Attempting timing is still better than following the herd

Perhaps the worst enemy of investing is human nature itself. I do not recall the precise figures but I remember seeing a statistic to the effect that when the world’s largest mutual fund enjoyed strong growth to the tune of around 80% over a five year period in the 90’s the majority of its investors still lost money! This is because the majority were not in the fund at the outset but tended to invest each time the fund was riding high, egged on by publicity and ‘peer pressure’. Who wants to be the odd one out at a dinner party when others are proclaiming how much they have made in a particular asset, be it a fund, property, gold or whatever? The temptation is strong to go out and buy the same asset just to ‘get into the club’. Invariably it is too late; the big money has been made. This is when the slow and cautious investors get tempted into the market, only to get their fingers burnt. I have met many people who are against stock markets because they were drawn in by the hype of the late 90’s, particularly in technology stocks, only to lose heavily over the next three years. Yet stock markets have generally outperformed other assets over the long term.

What about property?

Much the same applies. Property markets can collapse just like stock markets and many people are tempted in when prices are high (and interest rates often low, which is a contributing factor) only to be left high and dry with a property worth less than the outstanding mortgage. No-one is in a buying mood when prices are falling. Yet this should be the time when people should be buying. But the psychology – and interest rates – can be off-putting. The problem is, even for those who try to time the market, they can get it very wrong. Three years ago people were predicting a possible crash in the property markets in the US, UK and Australia. Cautious investors held back, waiting for the crash but it never came. Instead they watched prices surge even higher. Even though there has been a levelling off of late there has been no crash so those who held back three years ago are still going to pay a much higher price today.
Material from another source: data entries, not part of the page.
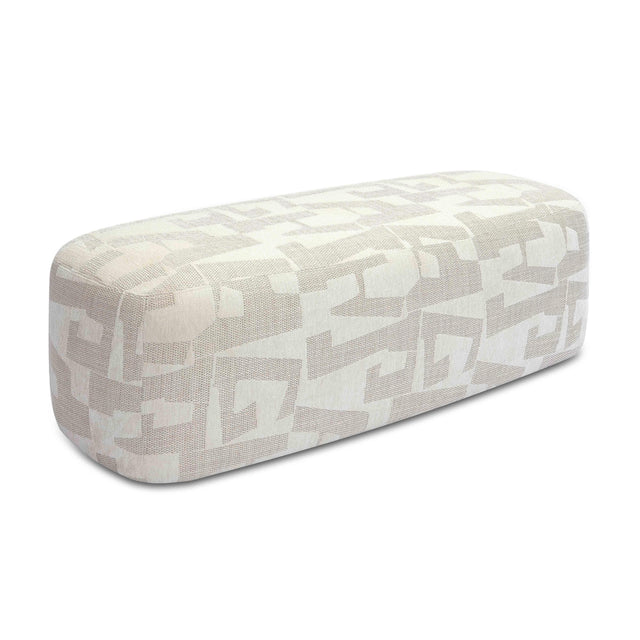 TOV Graceland Cream Jacquard Bench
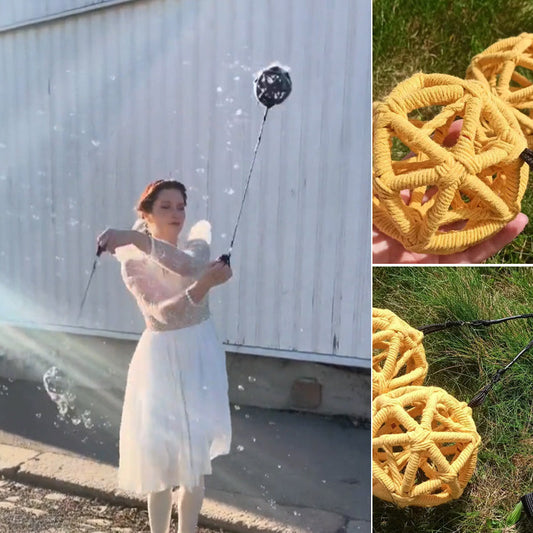 Rotating Bubble Ball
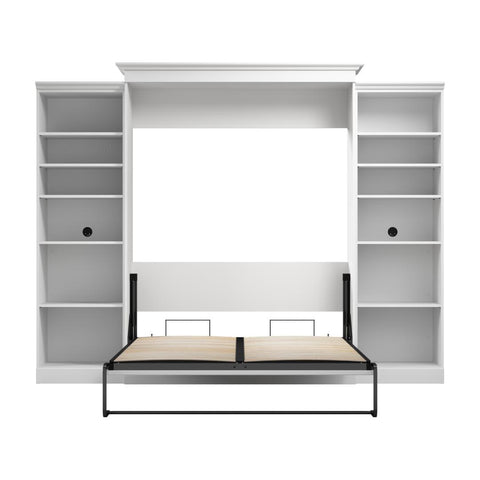 Grand lit escamotable et 2 organisateurs de garde-robe (115L)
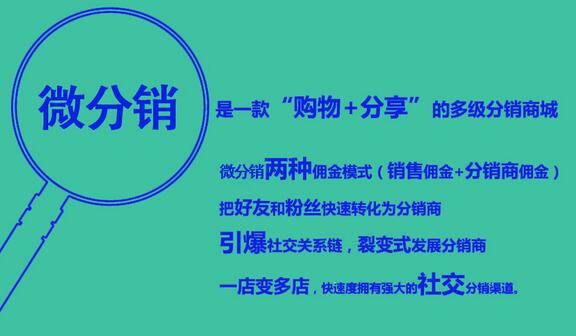 微信分銷平臺創業的好模式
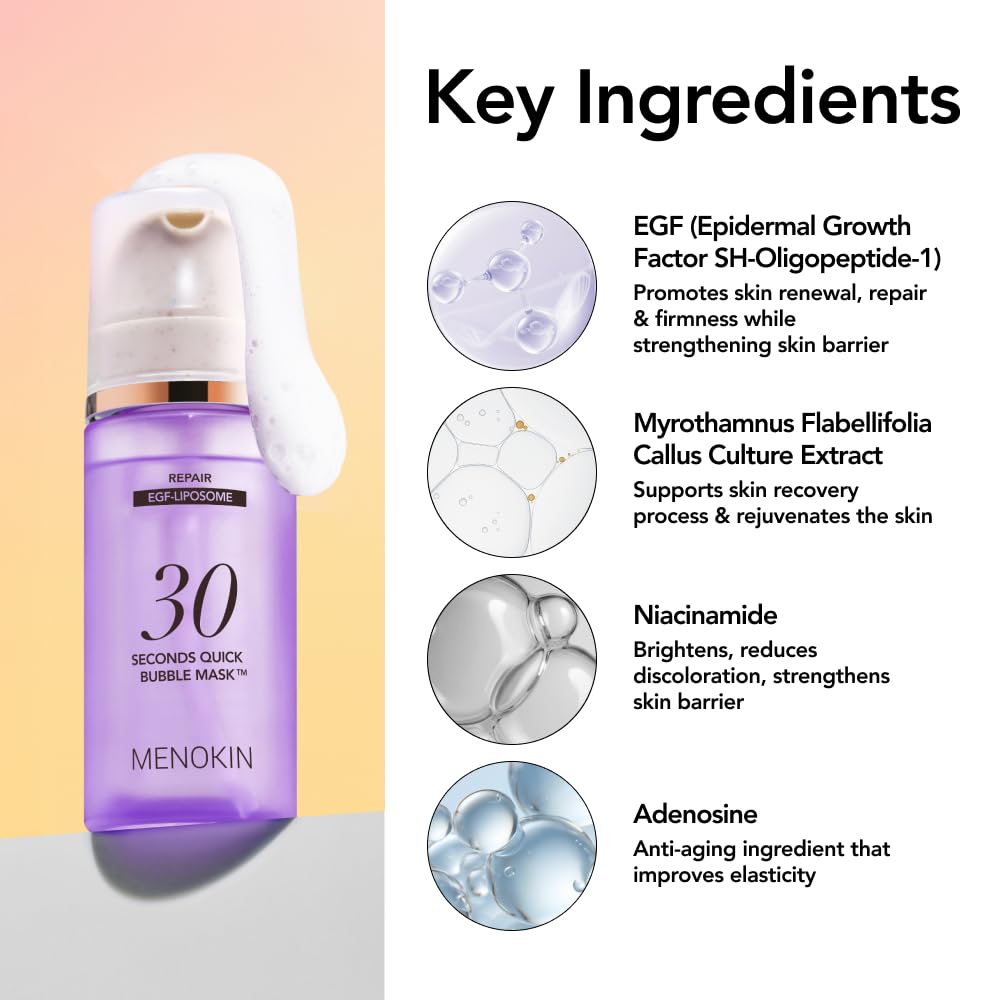 MENOKIN 30 Seconds Bubble Repair Face Mask 3.21 oz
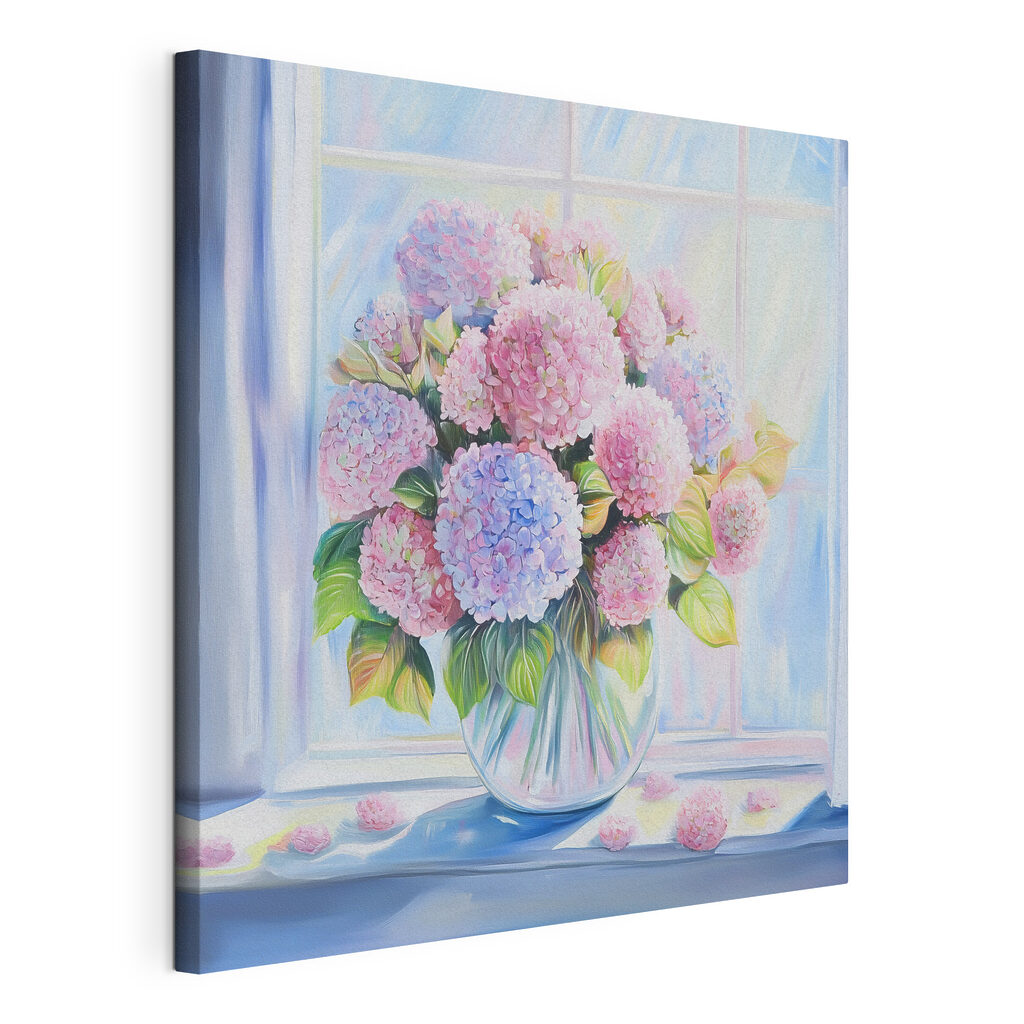 Painting of a vase of flowers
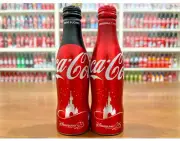 France Coca Cola Coke 25th Anniversary Paris Disneyland Aluminum Bottle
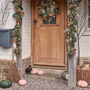 Pre Lit Autumn And Christmas Wreath And Garland, thumbnail 3 of 5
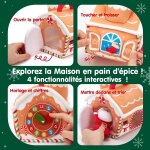 Jouet b�b� 6 mois, maison en pain d'epices de no�l - jouet eveil bebe 6 - 12 mois, jouets sensoriel en ...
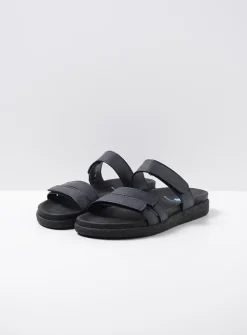 Wolky Cirrus - donkerblauw leer<DAMES Slippers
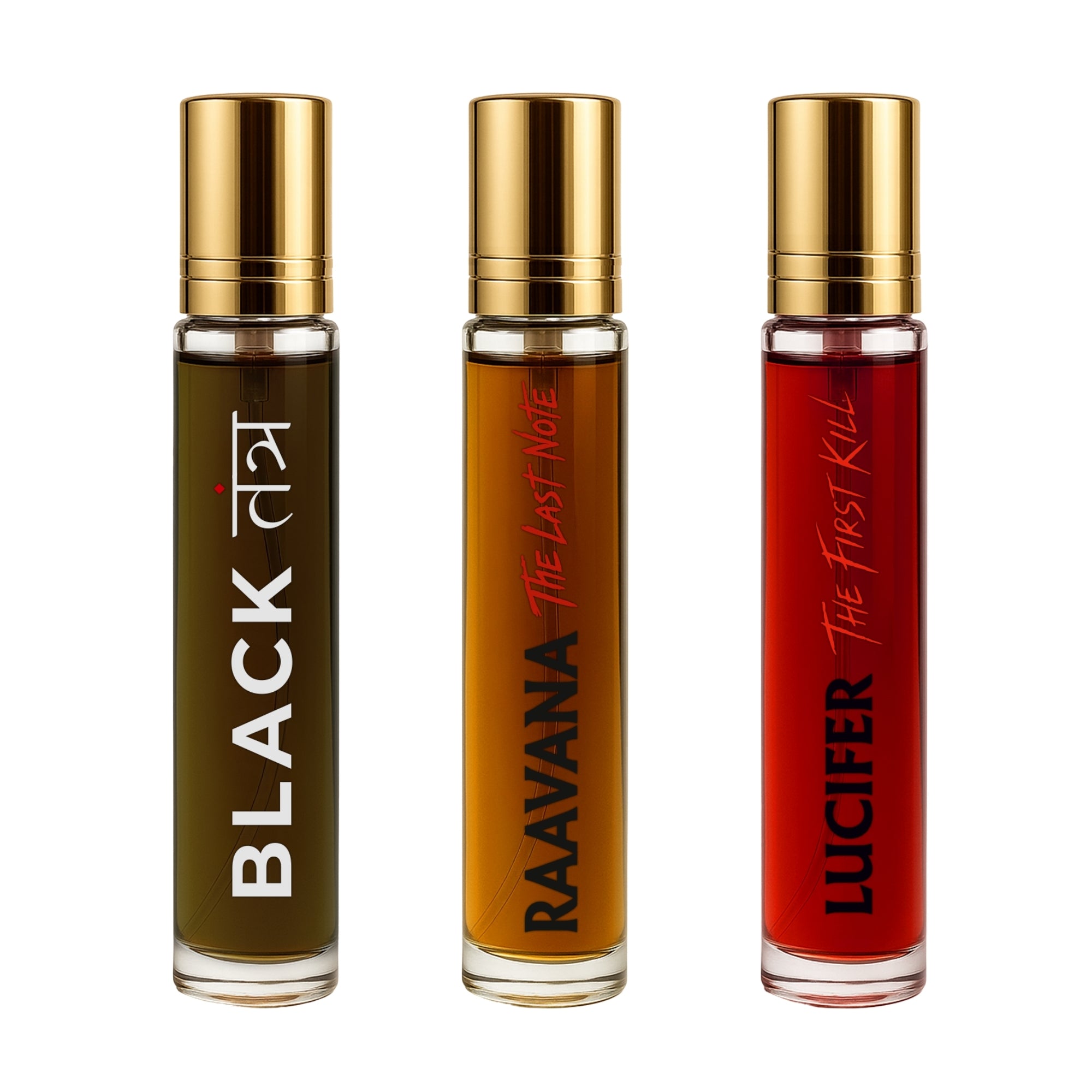 ASURA COLLECTION: BLACK TANTRA| RAAVANA | LUCIFER | 3 X 12ML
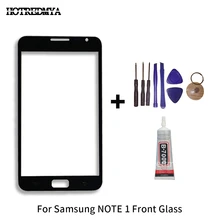 Front Glass Touch Panel For Samsung Galaxy Note 1 N7000 i9220 Touch Screen Outer Glass Panel Lens Replacement Parts+tools new for 12 1 elo 362740 7911 tf075 touchsystems touch screen glass panel good qualiy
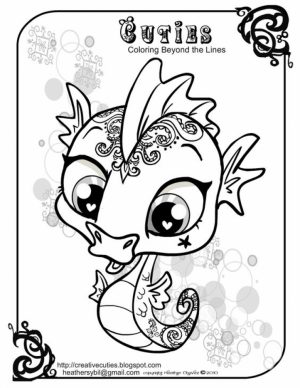 Printable Seahorse Coloring Pages   64912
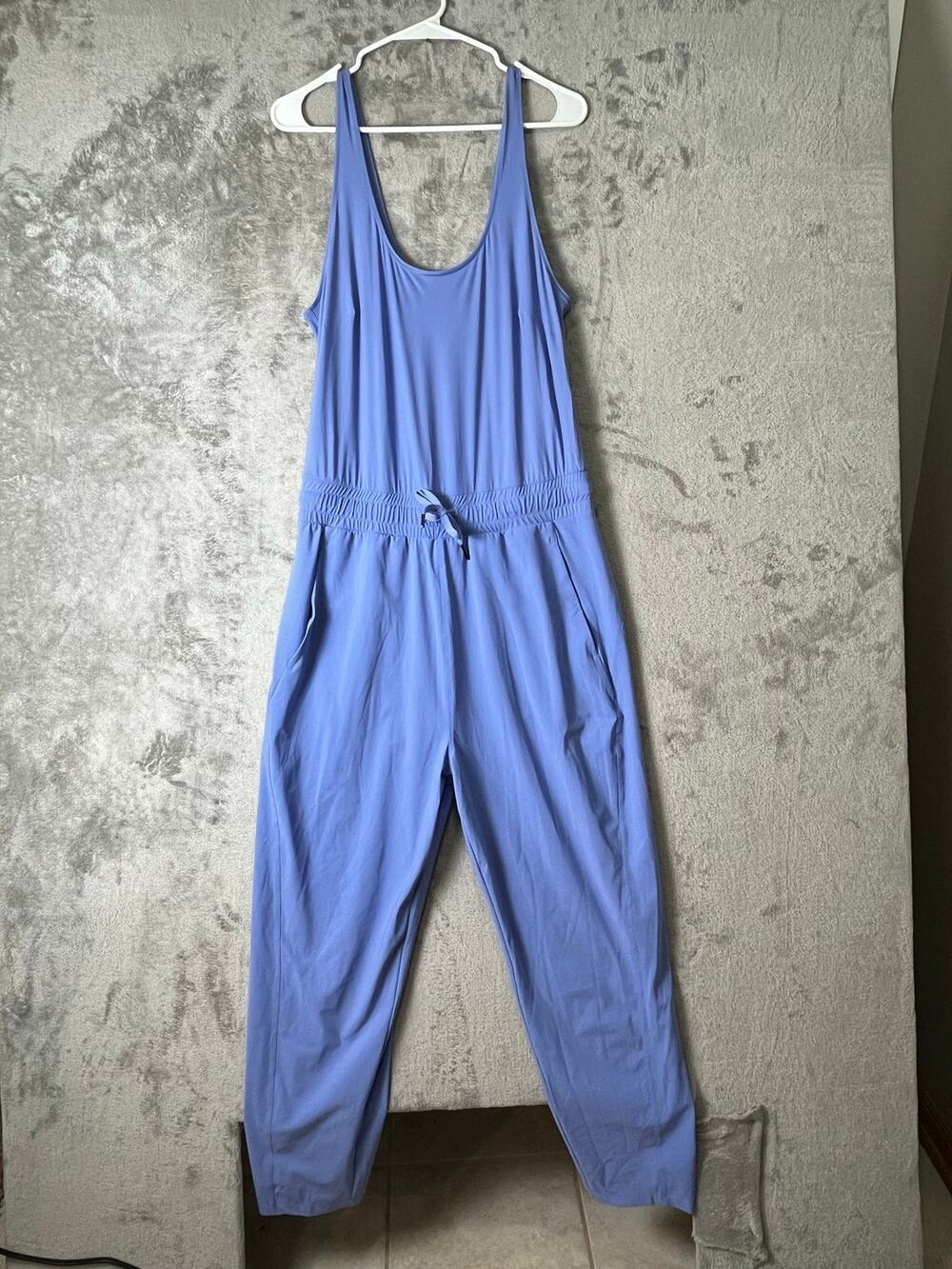 Sweaty Betty Racerback Jumpsuit Periwinkle Blue Relaxed Athleisure Size 8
So should we or should we not be timing the markets?

If you are still with me you must be wondering whether I am for or against market timing. On the one hand I am saying bad timing can be disastrous and on the other that timing the market correctly is virtually impossible. This is where I would suggest we adopt both a strategic and tactical approach. A strategic approach is what is needed for the bulk of one’s assets. No matter what the state of the markets you should not be tempted to throw the bulk of your cash at an asset that looks particularly attractive at the time, whether the price is a bargain or it appears to be a star that will continually rise. If you have cash to invest in a financial asset, the bulk should go into a professionally balanced portfolio consisting of a wide range of assets, not just stocks. Ignore the state of the markets. This is for the long term. A boom or bust in any of the asset classes will have little impact in the long term. There is no problem however in attempting some market timing for up to say 20% of your investment. The same principle applies to property. Your primary residence is a strategic investment. If you do not own a home then you should buy one if you can afford it irrespective of the state of the market. You can only make a loss if you sell at the wrong time. Investment property is another matter. Here you can indeed try to time the market as long as you accept you are now moving into the tactical area which could mean big gains or losses.

So there you have it. There is some scope for timing, but for basic financial planning it is of limited importance. More important is to have a proper basic strategy in place and to avoid the danger of putting too much into any single asset.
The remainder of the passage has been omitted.